Every person looks at stories from a different angle, and sometimes that’s just what you need to break loose this kind of stuck. It certainly worked for me.

13 Comments
  1. Yay!

    And, Brilliant.

    Ta, L.

  2. If it does turn into “Second Evil Minion Does the State Fair” please go ahead and publish it! I’d love to read something like that.

  3. Love that idea! It’ll be fun for your Minnesotan readers to have a familiar event featured, too. (I went to the State Fair once when I was a kid, with my grandparents who lived in the Minneapolis area. Mostly what I remember is my dad and uncles eating mini donuts.)

  4. Writing buddies are the best. I couldn’t live without mine.

  5. Brilliant. Also, thank you very much for speaking in favor of a little creative whining.

  6. If it’s any consolation, it’s comforting to know that even very experienced writers have these sorts of problems… because this all sounds extremely familiar.

    And the State Fair sounds like a great solution to this particular blockage. I hope it’s as much fun to write as it sounds like it will be to read!

  7. Mostly I do these kinds of discussions with my family.

    Which works, but with as many creative persons as there are in our household (game designers and artists and writers, oh my!) such discussions tend to happen way to frequently to make a good excuse to go out. So I guess I kind of miss out on that aspect.

  8. “So I did what I usually do when that kind of thing happens, which is go to a coffee shop or restaurant with friends and complain. (This turns out to be a vital, downright indispensable part of the writing process for nearly every writer I know, though it is seldom mentioned in how-to-write books.)”

    _The Starbucks Writing Guide_ by Patricia C. Wrede, anyone? Their confusing terminology for sizes will fit well with novellette/novella/novel/whatever.

    ‘There are weird things at the fair, and not just on the Midway (crocodile on a stick, anyone? Maybe the bacon-flavored ice cream?), so Second Evil Minion can show up without causing undue comment (other than “What’s he advertising?).’

    Or he could show up at a local gas station which just got some weird potato chip flavours: Jalapeno Macaroni and Cheese (not too good), Tsatziki (nice but bland), Cinnamon Bun (I doubt I will try them), and a poutine flavour (which I have not seen yet).

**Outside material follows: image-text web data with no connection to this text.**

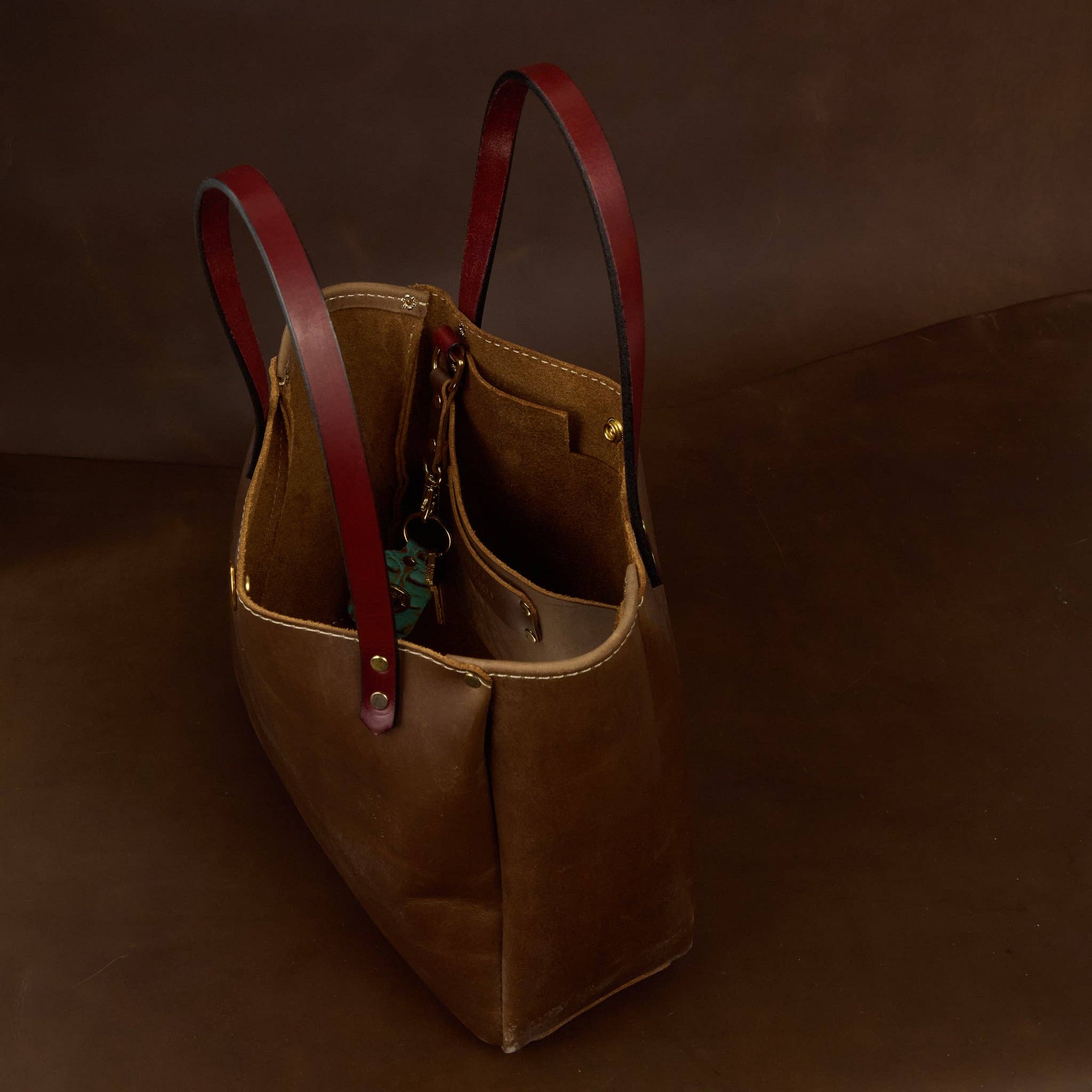 SouthLife Leather Goods - Wholesale Top Handle Bag - Women's - The Small Bucket Bag3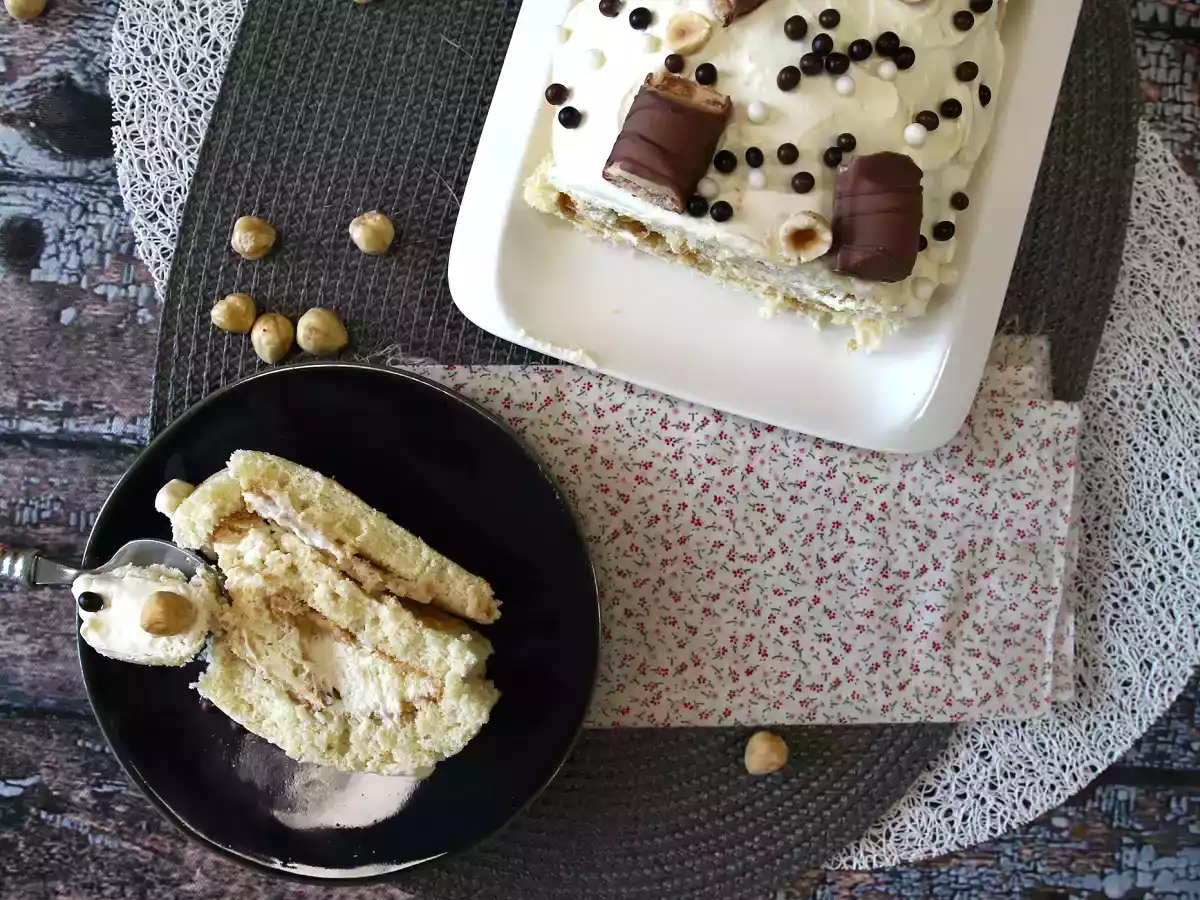 Easy kinder bueno roll, perfect as a birthday cake or as a christmas log! - photo 2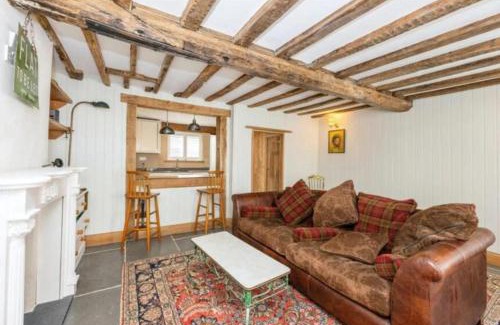 Huntingdon Apartment | Cozy Samuel Pepys Cottage: Family-Friendly Retreat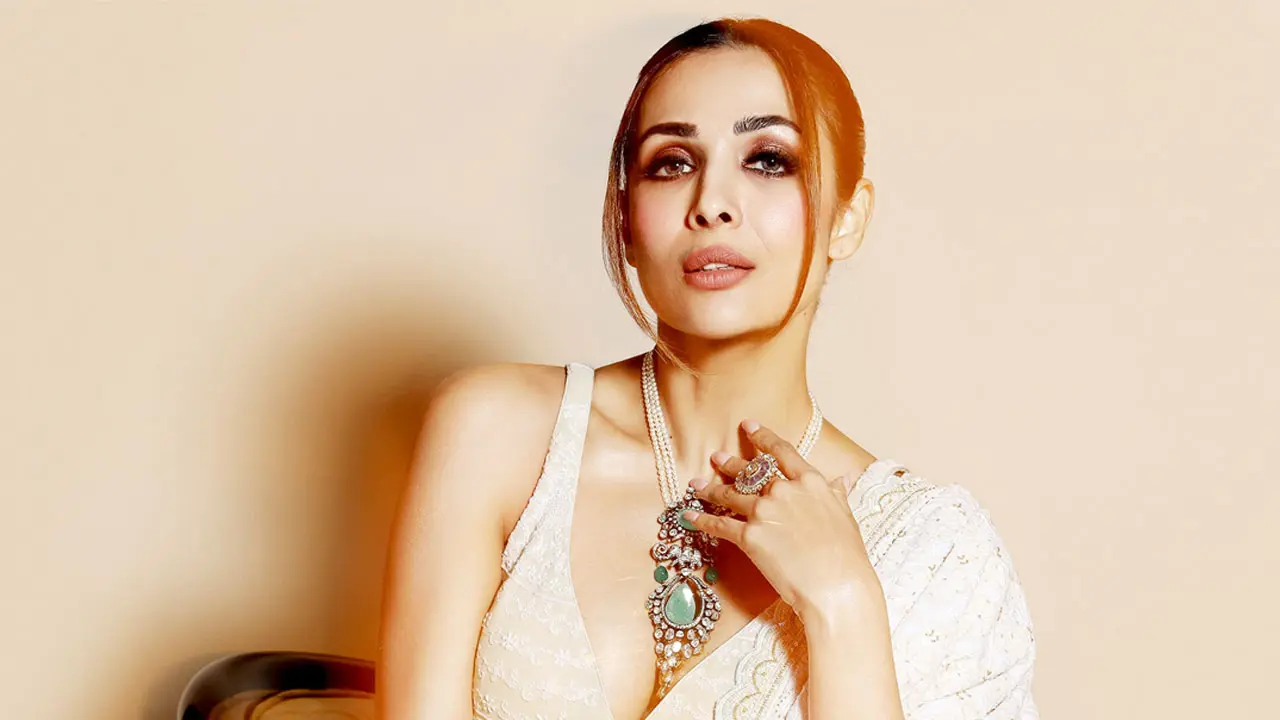 ‘পোশাক নিয়েই সবাই আমার বিচার করে ফেলে’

  9. I’d never be able to write if I couldn’t whine a bit during the process. Group brainstorming is a wonderful, wonderful thing.

  10. WIKTORY.

  11. As a Minnesotan, I am in favor of this plan. 🙂

    I’ll also second KT, because I would definitely read “Second Evil Minion Does the State Fair.”

  12. It is hard to solve your own problem – being locked into the box with the crowbar on the outside.

    Much better to bounce the problem off your friends, who have plenty of crowbars, screwdrivers, hammers, weird pointy things, and above all, are OUTSIDE the darn box.

  13. I too would /gladly/ read “Second Evil Minion does the State Fair” 😉

    Maybe a short story?…

    This sounds really exciting though, especially as a Minnesotan myself 🙂 and by the way, fried pickles are surprisingly good, at least with the sauce.